La finca se extiende entre Touraine y Cheverny. Aproximadamente 11 hectáreas están situadas en el territorio municipal de Montils y forman parte del núcleo histórico de Clos de Tue-Boeuf, 9,5 hectáreas se encuentran en la Appellation Cheverny y aproximadamente 3 hectáreas en la zona de Monthou-sur-Bièvre. Entre las hileras se encuentran muchas variedades cultivadas históricamente en la zona: Pinot Noir, Gamay, Sauvignon Blanc, Fié gris, Chardonnay, Aligoté, Orbois, Côt, Pineau d’Aunis y Meslier. La composición de los suelos es bastante heterogénea, con presencia de arcillas silíceas, calizas yesíferas y zonas aluviales de guijarros y arenas. La finca está compuesta por muchas pequeñas parcelas que se encuentran dentro de un área rodeada de bosques, que garantizan una rica biodiversidad natural. La mayoría de los viñedos tiene una edad de aproximadamente 50 años y fueron plantados con una densidad de 4500 cepas por hectárea, pero también hay algunas valiosas viejas vides centenarias, que constituyen un patrimonio histórico del territorio, incluso en términos de biodiversidad clonal.
La gestión agronómica se lleva a cabo según los principios de la agricultura biológica certificada desde 1996, con el trabajo de los suelos en parte mecánico y en parte con el uso del caballo, para no compactar el suelo.
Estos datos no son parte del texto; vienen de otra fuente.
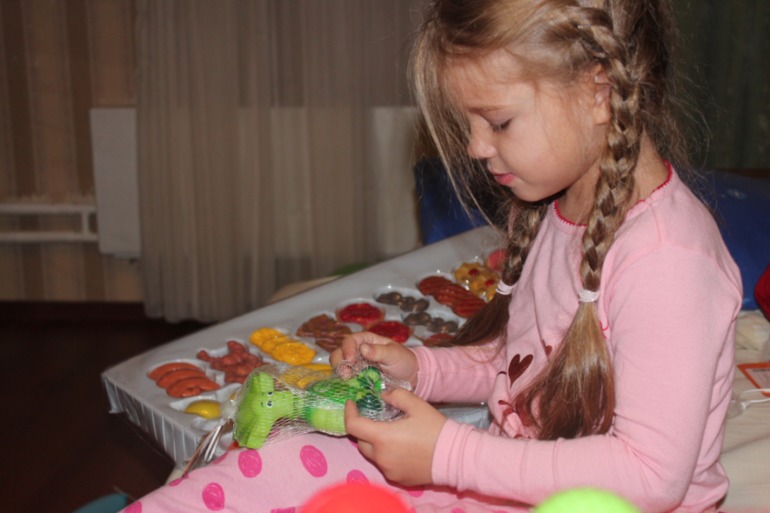 5 лет доченьке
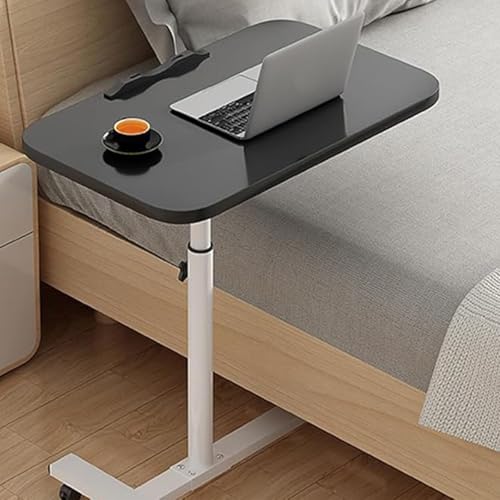 Table de lit à roulettes en C : la solution pour travailler confortablement sans bureau fixe - 2
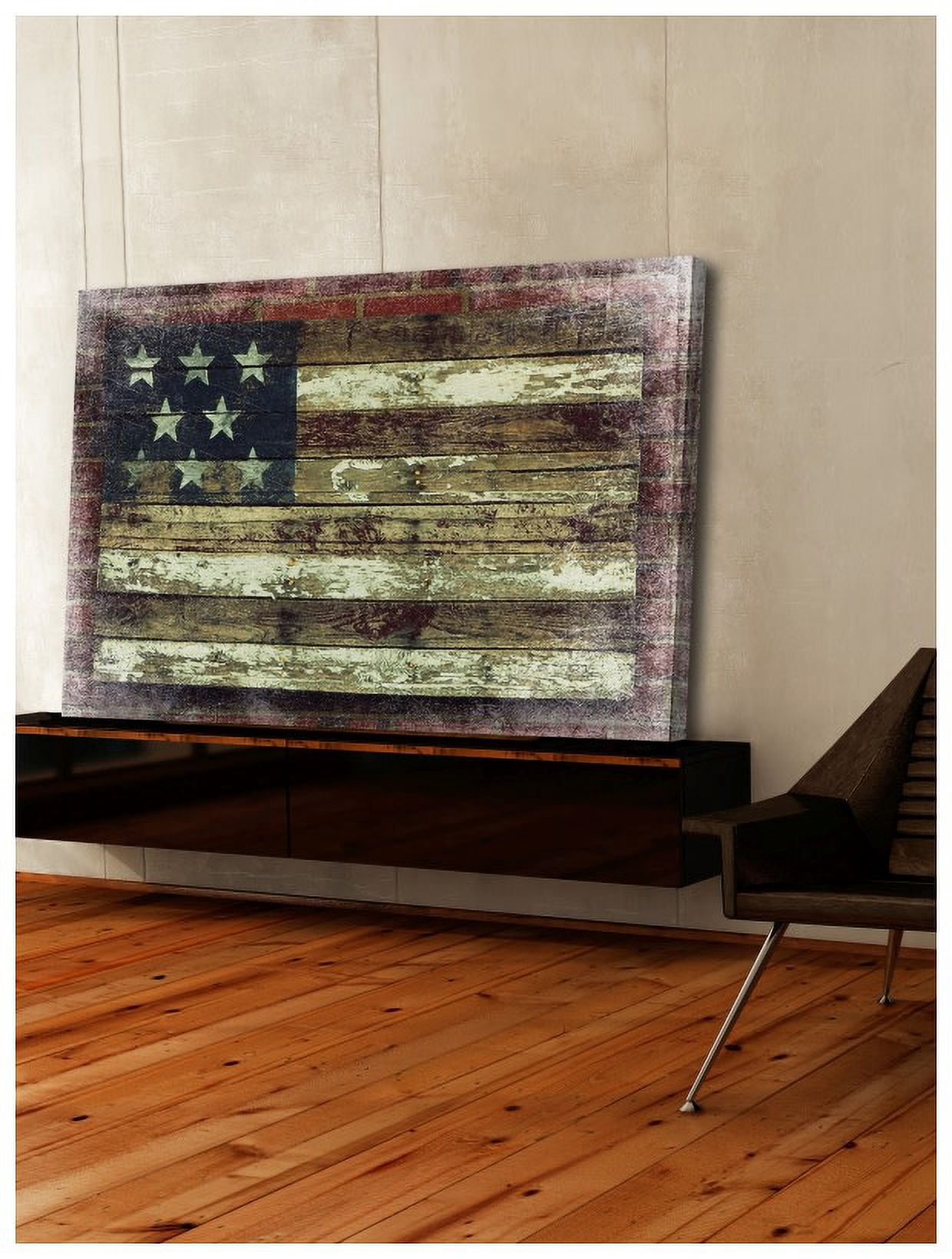 Marmont Hill "Oh Beautiful" by Robert Dickinson Painting Print on Canvas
La cosecha de uvas sanas, perfectamente maduras y genuinas, se realiza manualmente y permite trabajar en la bodega con una enología ligera y con un uso muy bajo de sulfitos. Cada parcela se vinifica por separado, de modo que se valoren sus peculiaridades, que luego se transfieren a la botella, gracias a una rica producción de etiquetas. La filosofía de la empresa, de hecho, está orientada a la realización de vinos auténticos y directos, capaces de expresar las cualidades de la variedad, las características del territorio y de cada cosecha.